ACTIVITY » All of the data is to be written out again exactly, without the pictures.

DATA EXTRACT »
⁂
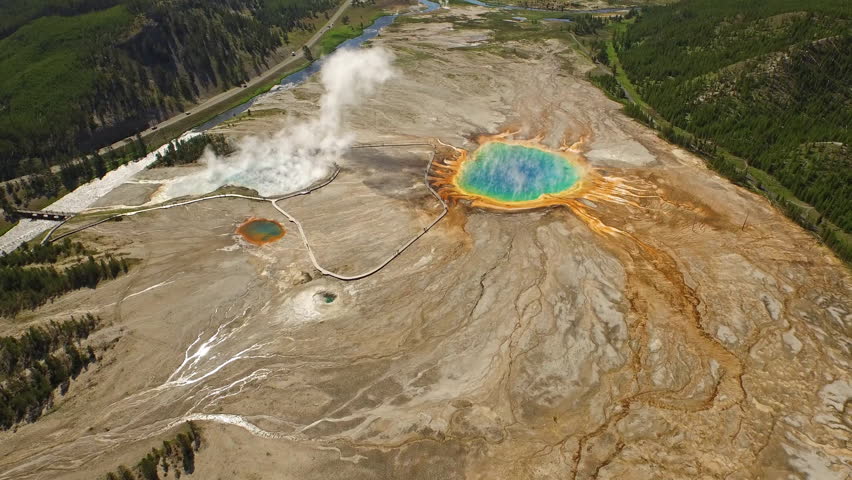 Aerial Video in Yellow Stone National Park. Wyoming.
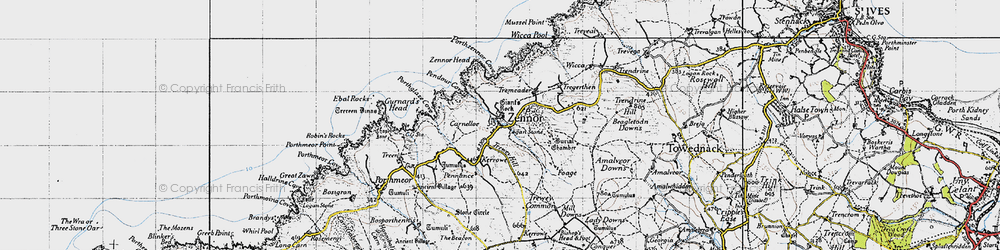 Old map of Trewey in 1946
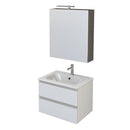 Mobile Bagno Sospeso 60 cm Lavabo e Specchio Bonussi Fenice Bianco Opaco-1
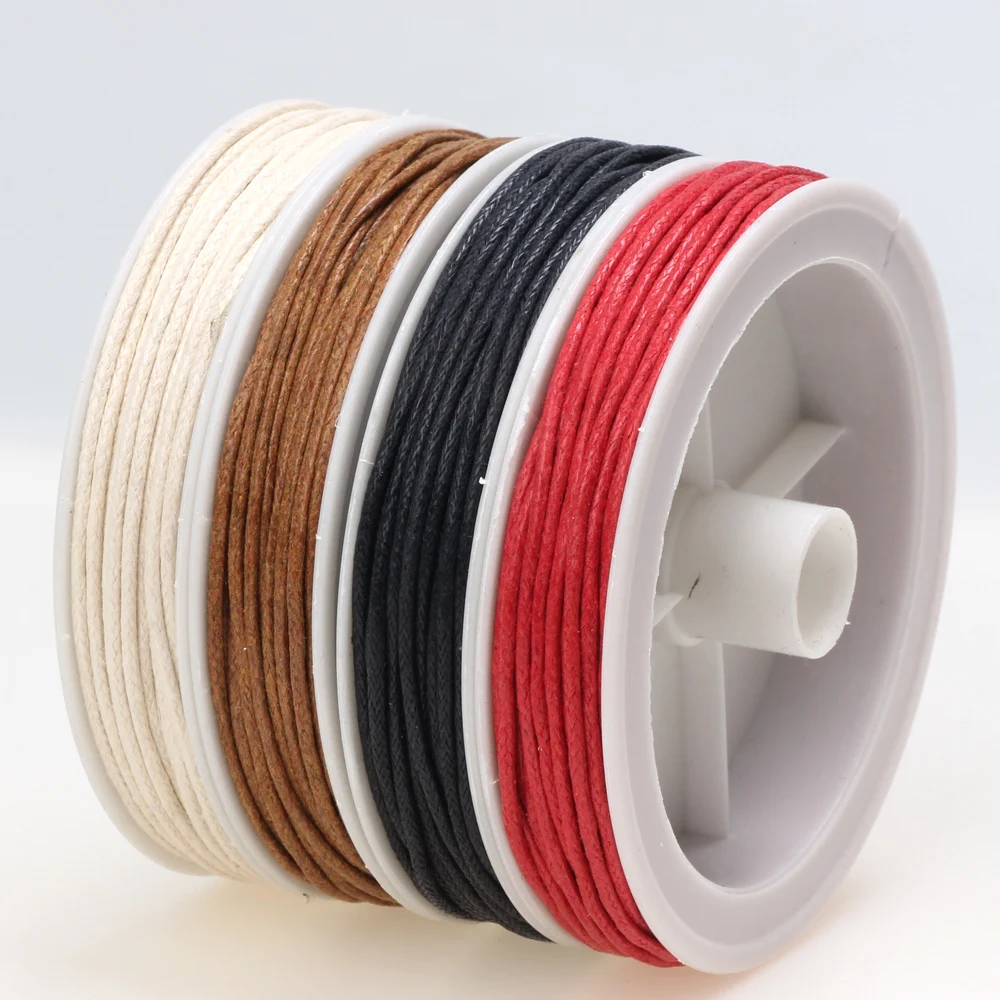 

NEW 1.0mm 12M/Roll Cotton Wax Line Cord Thread String Strap Necklace Bracelet Rope DIY Jewelry Making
⁂
COMPLETED EXERCISE »
 Aerial Video in Yellow Stone National Park. Wyoming.
 Old map of Trewey in 1946
 Mobile Bagno Sospeso 60 cm Lavabo e Specchio Bonussi Fenice Bianco Opaco-1

NEW 1.0mm 12M/Roll Cotton Wax Line Cord Thread String Strap Necklace Bracelet Rope DIY Jewelry Making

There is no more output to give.